Stablecoins are the digital version of a Swiss bearer passbook.

Written by JP Koning

Compiled by: Luffy, Foresight News

Before Switzerland introduced anti-money laundering laws, anyone could walk into a Swiss bank and open an account, without having to show any ID. The bank would then give you a bearer passbook, also known as inhabersparheften. At the time, the bank considered possession of the passbook to be proof of possession of the underlying funds in the account. The account holder could keep the passbook, or, if they wished, pass it on to someone else without notifying the bank, and that person could withdraw the funds in the account.

In essence, Swiss banks issue their own cash.

Over time, as awareness of money laundering grew, the use of anonymous savings books in Switzerland was restricted by law. In 1977, banks were first required to confirm the identity of their customers. In addition, anyone who wanted to withdraw more than 25,000 Swiss francs had to get their identity confirmed by the bank. But savings books still enjoyed a considerable degree of anonymity. After the account was opened and before the funds were withdrawn, the books could continue to circulate without identity checks.

In 2003, the Swiss government banned the issuance of new bearer savings books, and existing savings books were cancelled when they were submitted to a bank’s physical counter.

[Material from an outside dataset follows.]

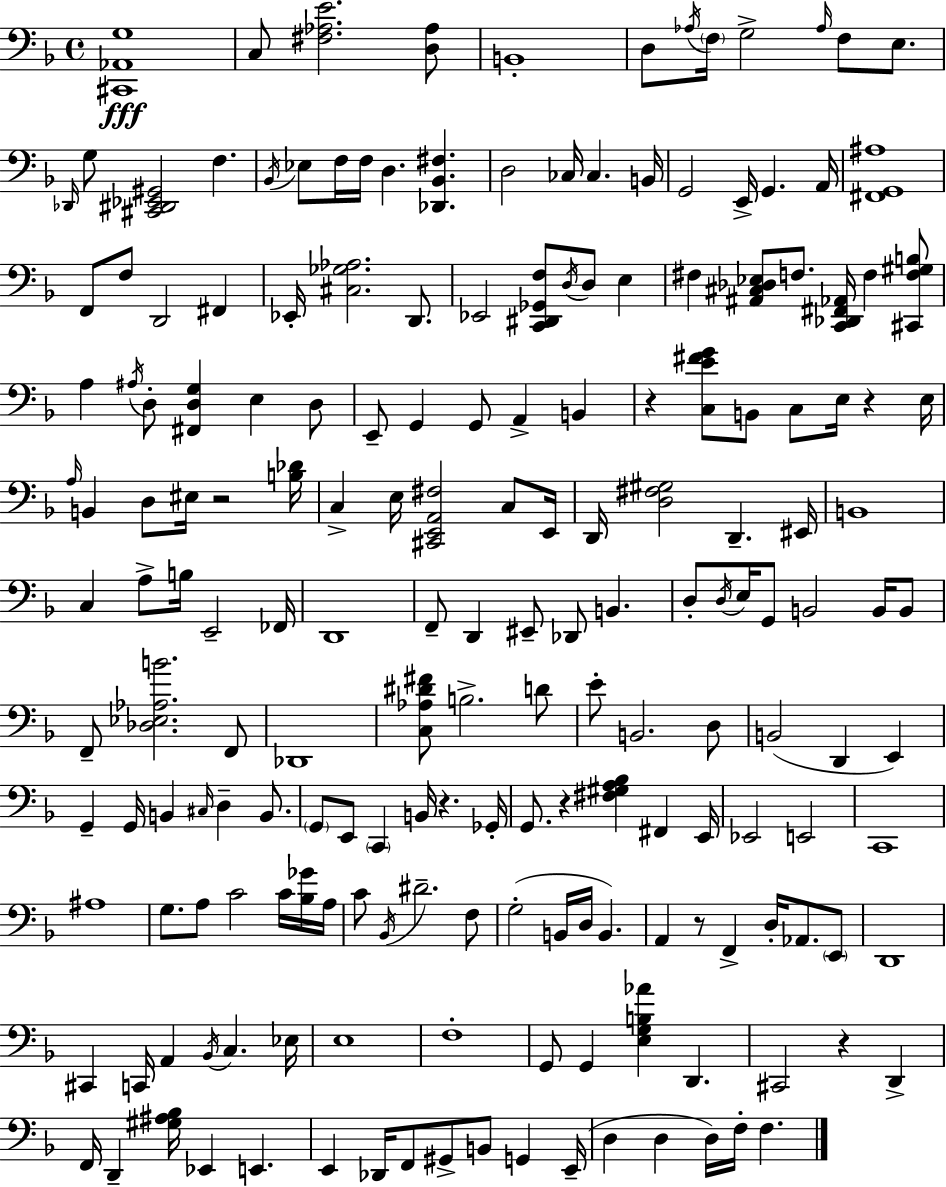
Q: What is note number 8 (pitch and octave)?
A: F3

Bearer savings books can continue to circulate anonymously like cash, but due to constant cancellation, by 2019 they accounted for only 0.002% of total assets in Swiss bank accounts.

So ended the Swiss bearer savings book. But at the same time, a similar financial instrument emerged: the stablecoin.

To get a stablecoin, you need to deposit funds with the issuer, who will verify your identity at the time of the deposit, but after that the stablecoins can circulate freely without any form of inspection. You can send them to a friend, he can give them to a relative overseas, the relative can pass them on to a drug dealer, and all of these subsequent participants do not need to show proof of identity to the issuer. Stablecoin issuers, like the Swiss banks that once issued bearer savings books, have no idea who they are dealing with.

So, if Swiss bearer savings books have long been banned, why are stablecoins growing so rapidly?

This is exactly the point made by Swiss financial regulator FINMA last month, which said it would no longer tolerate anonymous transfers of stablecoins. The new guidelines state that the identity of anyone holding a stablecoin must be "sufficiently verified by the issuing institution." So not only you, but also your friend, his relative, and the drug dealer in the above transaction chain need to provide their ID.

To justify the new policy, FINMA appeals to the idea of ​​technological neutrality. My view on technological neutrality is that just because a financial product (in this case a payment product) appears on a new medium or substrate (i.e. a blockchain), does not mean that it is exempt from the same rules that already apply to equivalent products issued on the old substrate (e.g. a bank passbook). Same functionality, same regulations.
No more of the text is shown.